I did go for 4 weeks training in Galway and you are paid for the first couple of weeks 500 euro a week but in return you do have to sign up 6 policies and this is reduced from your commission so when I left because of policies falling through they then sent me a bill looking for this back. I never returned it and never heard from them since. 

It is similar to pyramid selling and the idea is to get anyone in and let them sell to there families and friends. Sorry to burst your bubble but I think selling insurance is a hard sell and we were cold calling, often 50 doors a night and no appointments made. Very soul destroying


----------



## Bronte (6 Apr 2011)

Gailey thank you for the details on the hard sell life is working on commission.  Excellent post on the pitfalls of this kind of work.


----------



## NorfBank (6 Apr 2011)

I see a lot of Acorn clients as their sales force seems to be more prevalent "down the country".

Their main/only(?) product is the much maligned reviewable whole of life insurance. 

Such policies start out cheap but get prohibitively expensive as the clients get older.

Combined and Acorn seem to be the hard sell insurance companies from all accounts.

On a side note, isn't it a crazy situation where the minimum competency for anyone in the financial services industry is the QFA but Acorn can give anyone 4 weeks training and off they go selling life insurance door to door to the most vulnerable in society.


----------



## gailey (6 Apr 2011)

NorfBank said:


> On a side note, isn't it a crazy situation where the minimum competency for anyone in the financial services industry is the QFA but Acorn can give anyone 4 weeks training and off they go selling life insurance door to door to the most vulnerable in society.



I agree completely. I had intended at the time to sit the qfa exams but changed my mind and decided it was not for me.The training involved was only learning about Acorn Life Products.The only ones making real money out of it are the ones at the top who advertise themselves for salespeople and then sit back and wait for their commission to roll in. When you sell a policy they receive too so the more they have runniing around for them the more they make.

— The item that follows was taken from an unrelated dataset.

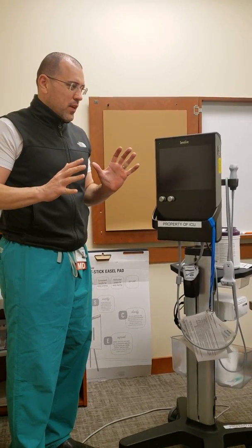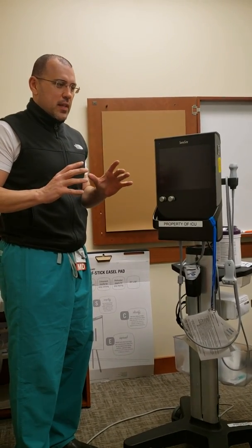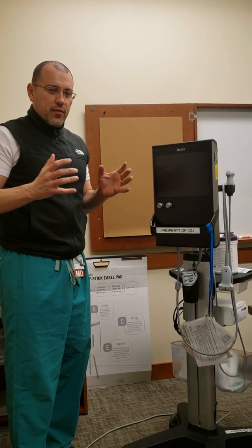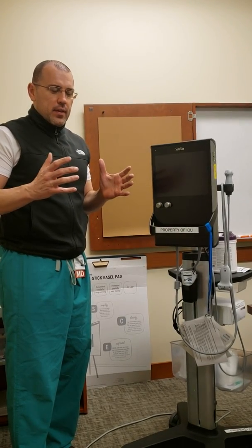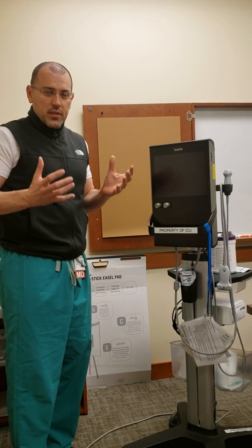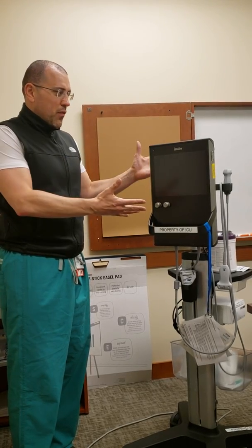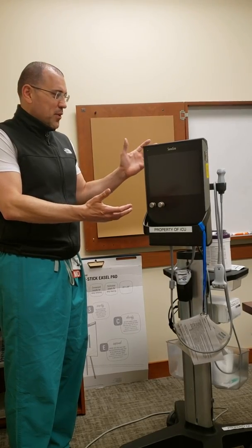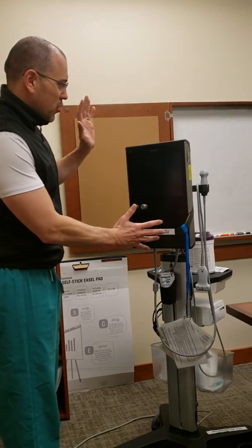I wanted to make a short video about our ultrasound because now since everything is ultrasound guided, it's difficult for the physician to just do this by themselves — it's a team effort. This often ends up becoming the responsibility of our nursing staff, so I wanted you to be familiar with it. This is our SonoCyte machine.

It is a pyramid scheme and it is an American company and very americanised.


----------



## NorfBank (6 Apr 2011)

gailey said:


> I agree completely. I had intended at the time to sit the qfa exams but changed my mind and decided it was not for me.The training involved was only learning about Acorn Life Products.The only ones making real money out of it are the ones at the top who advertise themselves for salespeople and then sit back and wait for their commission to roll in. When you sell a policy they receive too so the more they have runniing around for them the more they make. It is a pyramid scheme and it is an American company and very americanised.



I can see your blurred face in a Prime Time special report gailey 

I love the way Acorn got free airtime on the RTE News with their claim of creating 150 "jobs". Nice PR I must admit. Only 149 more to go eh?


----------



## gailey (6 Apr 2011)

sorry i didn't see the primetime report. What was that about??


----------



## NorfBank (6 Apr 2011)

I mean a future report (joking!)


----------



## gailey (6 Apr 2011)

hah I thought I never miss primetime. Well I wish I read this before I started with that crowd. I hope this deters others too.
Luckily I didnt really lose financially just my pride and a couple of friends


----------



## DCon (10 May 2011)

So glad I didnt go ahead with position I was offered goin on posts from Gailey. Just had a bad feeling about the place that I coudnt shake.


----------